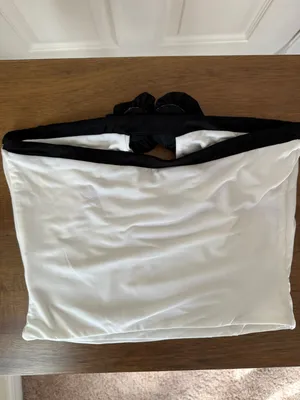 Meshki Rose Crop Top - White/Black thumbnail 4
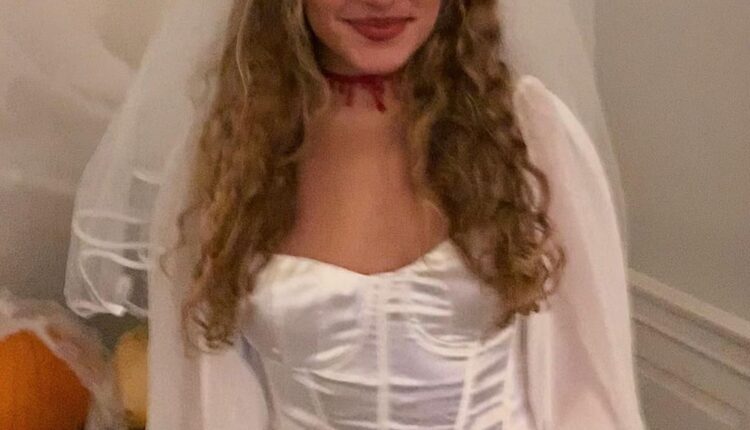 حقيقة زواج ابنة عمرو دياب دون علمه... بعد ظهورها بالفستان الأبيض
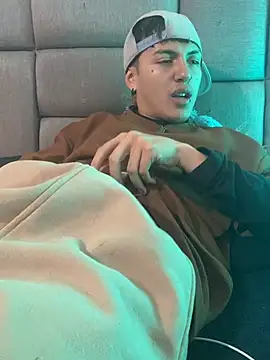 Živý XXX chat NaytonFreeman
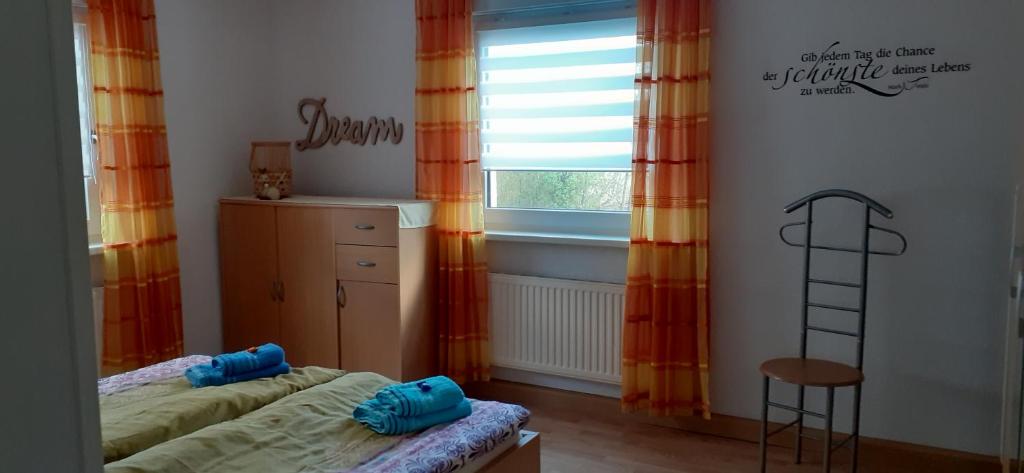 皮尔纳Ferienwohnung Familie Thiedemann的一间卧室设有一张床和一个窗口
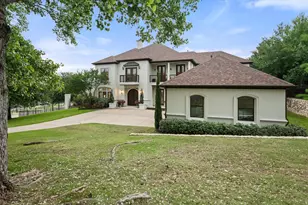 8924 Waterchase Cir, Fort Worth, TX 76120 - Photo 6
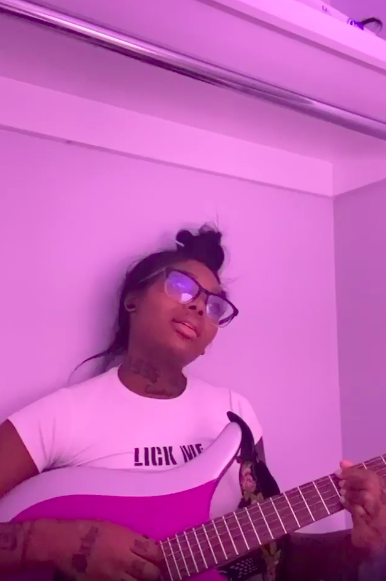 Summer Walker Grabs Guitar & Delivers Sultry, Acoustic Cover To Don Toliver’s ‘No Idea’ [WATCH]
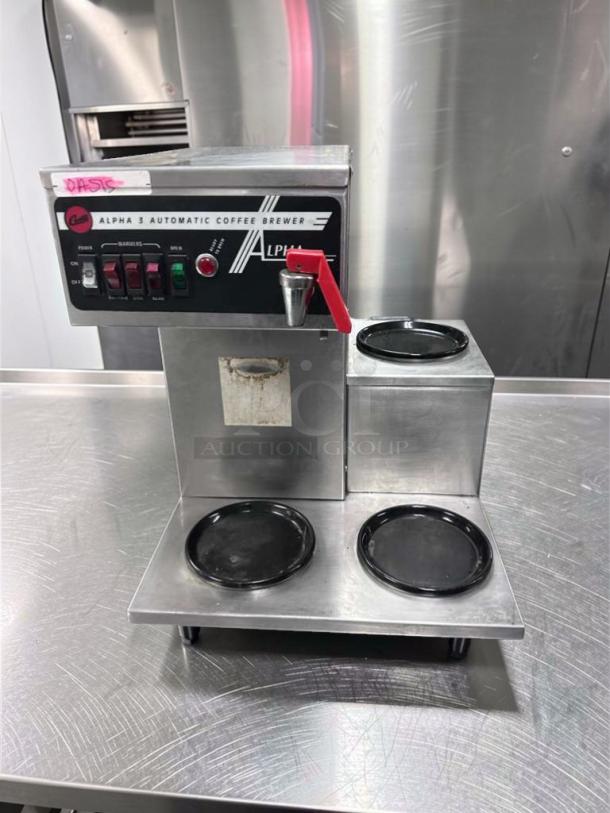 Curtis Alpha AP-1D automatic commercial coffee brewer, excellent condition, dual warmers, NSF certified, model Alpha AP-1D.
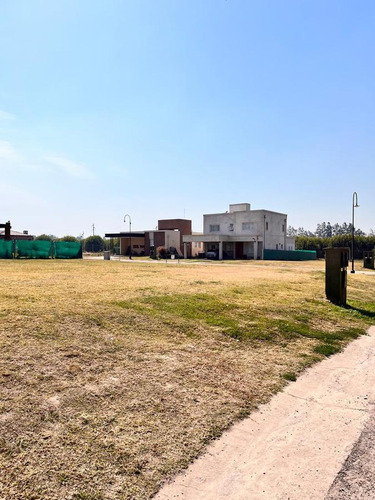 Imagen 4 de 7 de Excelente Terreno Central Orientación Sur - Norte En Country Pinar 2, Tafí Viejo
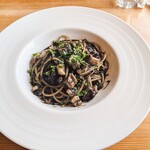 コンタディーノ ウラベ - メイン　イカ墨スパゲッティ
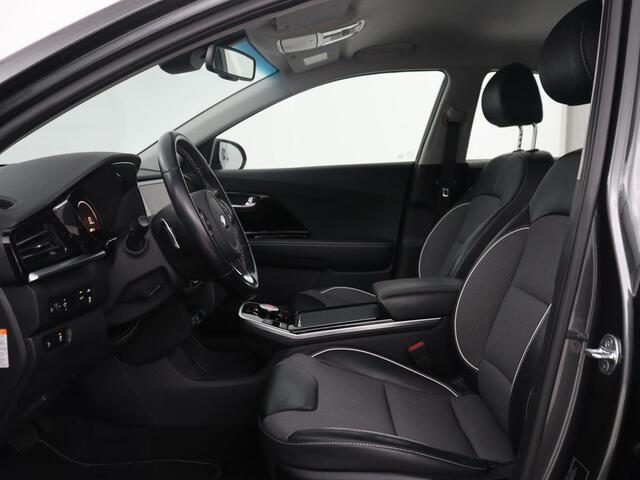 KIA e-Niro ComfortLine 64 kWh | SOH 93,9% | Half leder | Adaptive cruise | Carplay | Navigatie | Bluetooth | Camera | Climate control | Park assist | Trekhaak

■ Task description:
The exact lines from the beginning of the data through the one that contains "コンタディーノ ウラベ - メイン　イカ墨スパゲッティ" must be given again, both ends included, and pictures must be left out.

■ Task solution:
 Meshki Rose Crop Top - White/Black thumbnail 4
 حقيقة زواج ابنة عمرو دياب دون علمه... بعد ظهورها بالفستان الأبيض
 Živý XXX chat NaytonFreeman
 皮尔纳Ferienwohnung Familie Thiedemann的一间卧室设有一张床和一个窗口
 8924 Waterchase Cir, Fort Worth, TX 76120 - Photo 6
 Summer Walker Grabs Guitar & Delivers Sultry, Acoustic Cover To Don Toliver’s ‘No Idea’ [WATCH]
 Curtis Alpha AP-1D automatic commercial coffee brewer, excellent condition, dual warmers, NSF certified, model Alpha AP-1D.
 Imagen 4 de 7 de Excelente Terreno Central Orientación Sur - Norte En Country Pinar 2, Tafí Viejo
 コンタディーノ ウラベ - メイン　イカ墨スパゲッティ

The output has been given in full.